WHAT THE EXERCISE ASKS: All entries are to be transcribed verbatim, but images are not carried over.

═════ PROVIDED DATA

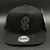 GORRA JC HATS - comprar en línea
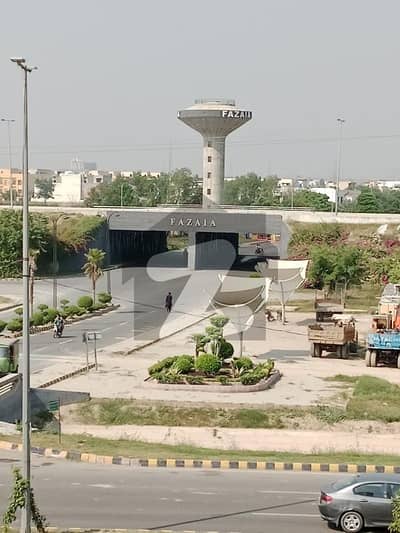 فضائیہ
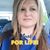 Jennifer Ryburn Dodd's profile image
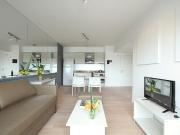 Alquiler temporario departamento 2 ambientes pileta...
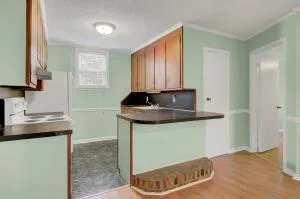 $950 | 1130 Quail Trail, Manning, SC 29102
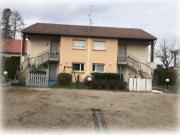 Appartement 2 pièces 54 m²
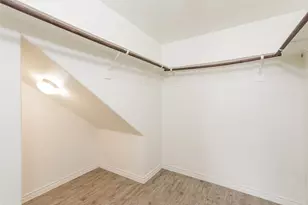 1606 Oriole Dr, Ennis, TX 75119 - Photo 12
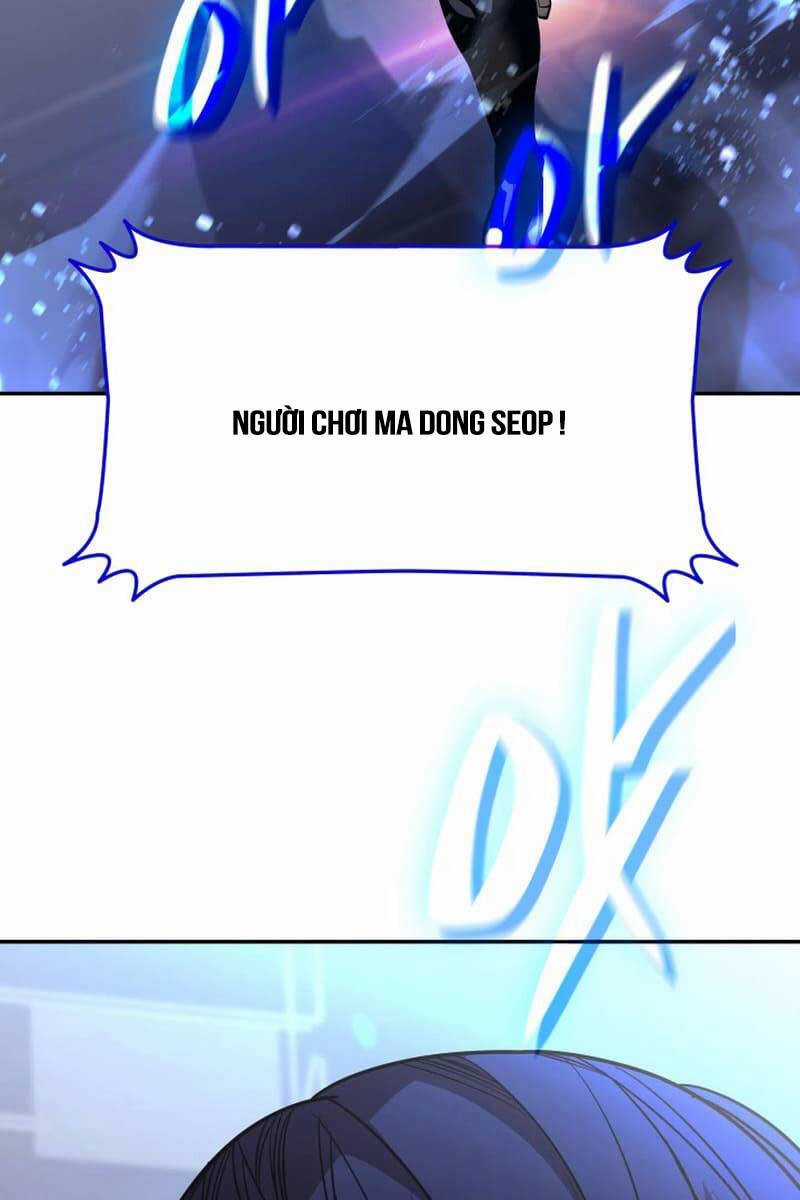 Trở Lại Làm Tân Thủ Chapter 168 trang 42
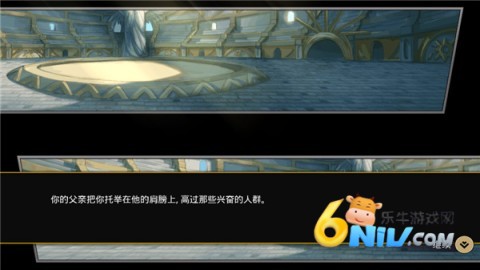 �λù��� ��2��ͼ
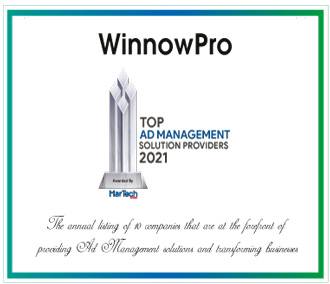 WinnowPro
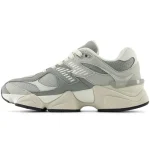 New Balance 9060 Raincloud נעלי סניקרס לגברים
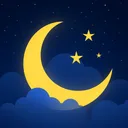 Barulho De Chuva Para Dormir app icon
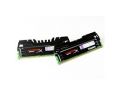ʿ ʿ(Kingston) Beastϵ DDR3 2400 8G(4Gx2)̨ʽڴ(KHX24C11T3K2/8X)ͼƬ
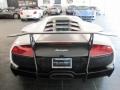 2010 Bianco Isis (White) Lamborghini Murcielago LP670-4 SV  photo #29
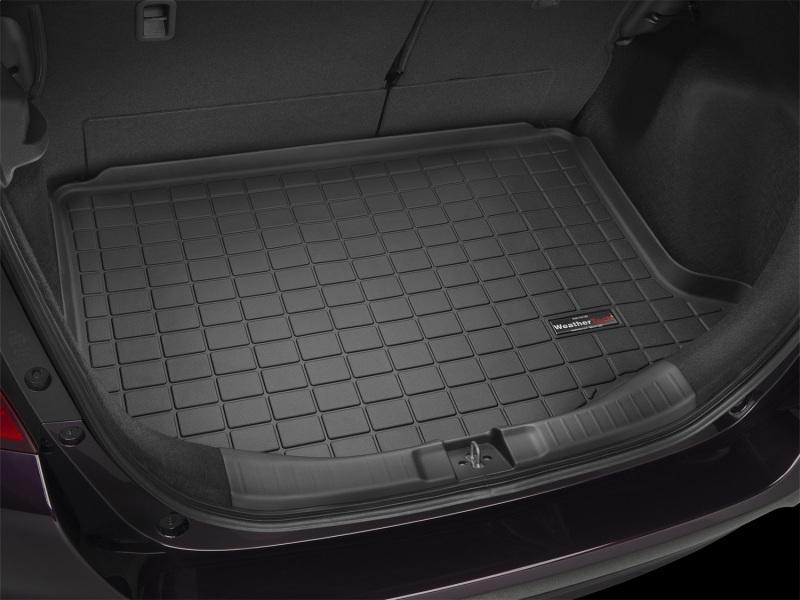 WeatherTech 40730
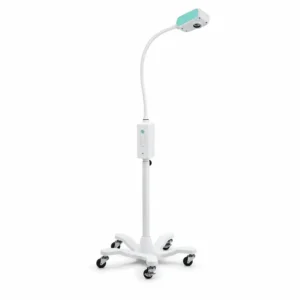 Lámpara Pielítica Welch Allyn GS300
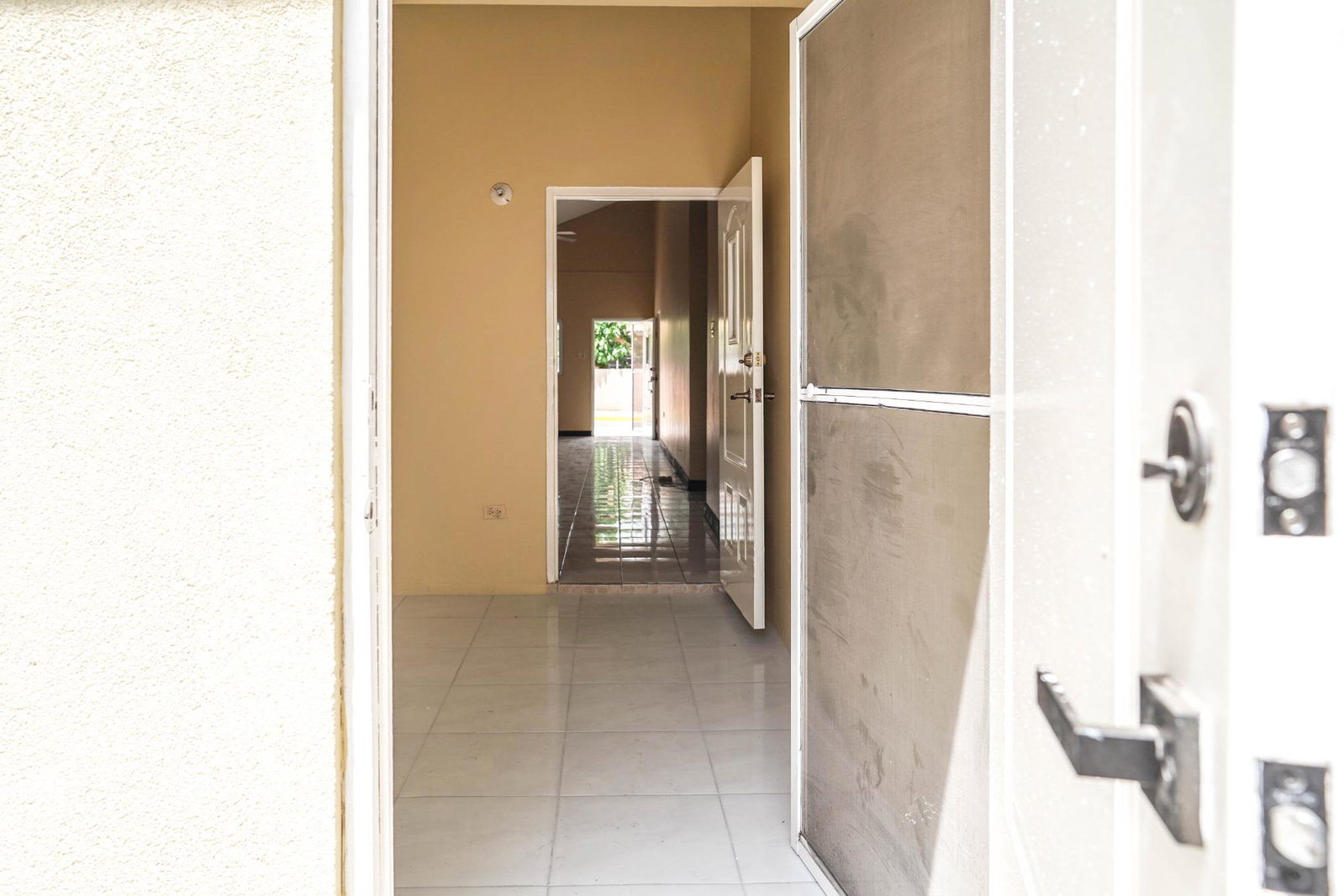 Fifteenth image of Lot 51 Grenada Blvd in Caribbean Estates, St. Catherine, Jamaica - property is For Rent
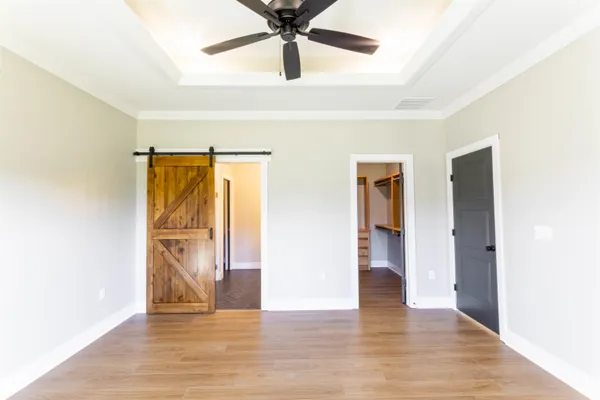 $370,000 | 3033 North Shefford Ks 67205, Wichita, KS 67205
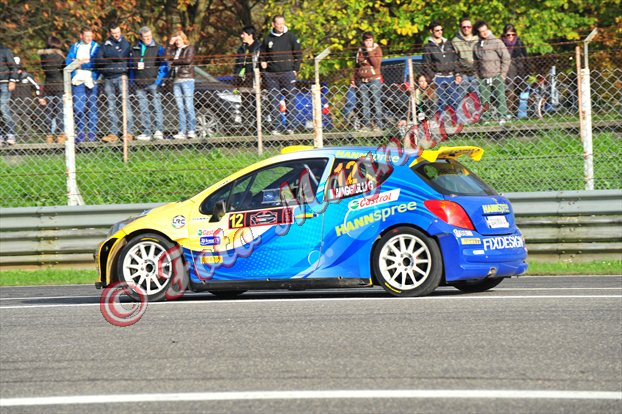 DSC_5671.jpg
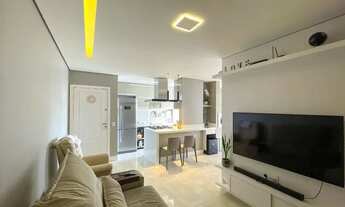 Imagem 3: Apartamento à venda, 3 quartos, 1 suíte, 3 vagas, Castelo - Belo Horizonte/MG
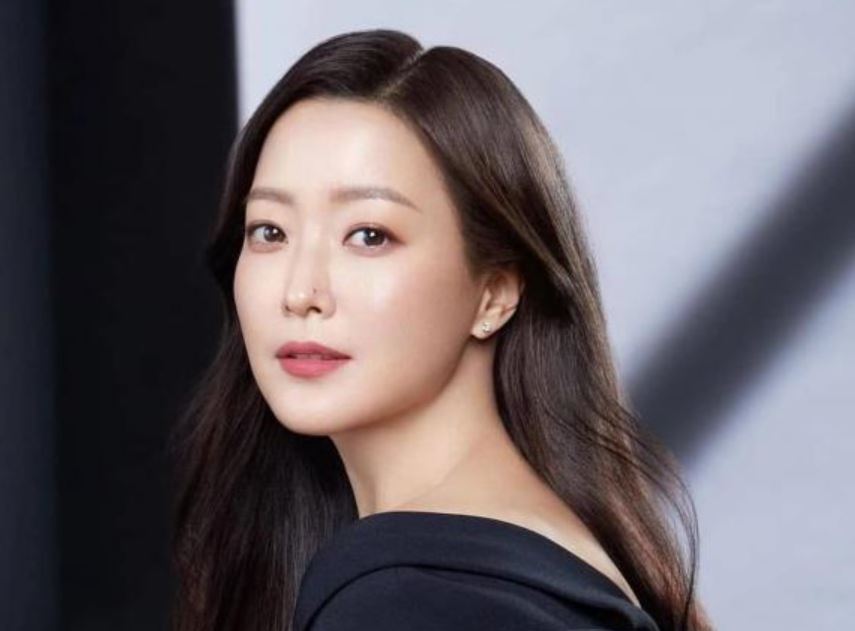 Nh&#x1EEF;ng ng&#xF4;i sao tu&#x1ED5;i r&#x1EAF;n t&#xE0;i n&#x103;ng n&#x1ED5;i ti&#x1EBF;ng c&#x1EE7;a H&#xE0;n Qu&#x1ED1;c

══════════

ANSWER SECTION:
 GORRA JC HATS - comprar en línea
 فضائیہ
 Jennifer Ryburn Dodd's profile image
 Alquiler temporario departamento 2 ambientes pileta...
 $950 | 1130 Quail Trail, Manning, SC 29102
 Appartement 2 pièces 54 m²
 1606 Oriole Dr, Ennis, TX 75119 - Photo 12
 Trở Lại Làm Tân Thủ Chapter 168 trang 42
 �λù��� ��2��ͼ
 WinnowPro
 New Balance 9060 Raincloud נעלי סניקרס לגברים
 Barulho De Chuva Para Dormir app icon
ʿ ʿ(Kingston) Beastϵ DDR3 2400 8G(4Gx2)̨ʽڴ(KHX24C11T3K2/8X)ͼƬ
 2010 Bianco Isis (White) Lamborghini Murcielago LP670-4 SV  photo #29
 WeatherTech 40730
 Lámpara Pielítica Welch Allyn GS300
 Fifteenth image of Lot 51 Grenada Blvd in Caribbean Estates, St. Catherine, Jamaica - property is For Rent
 $370,000 | 3033 North Shefford Ks 67205, Wichita, KS 67205
 DSC_5671.jpg
 Imagem 3: Apartamento à venda, 3 quartos, 1 suíte, 3 vagas, Castelo - Belo Horizonte/MG
 Nh&#x1EEF;ng ng&#xF4;i sao tu&#x1ED5;i r&#x1EAF;n t&#xE0;i n&#x103;ng n&#x1ED5;i ti&#x1EBF;ng c&#x1EE7;a H&#xE0;n Qu&#x1ED1;c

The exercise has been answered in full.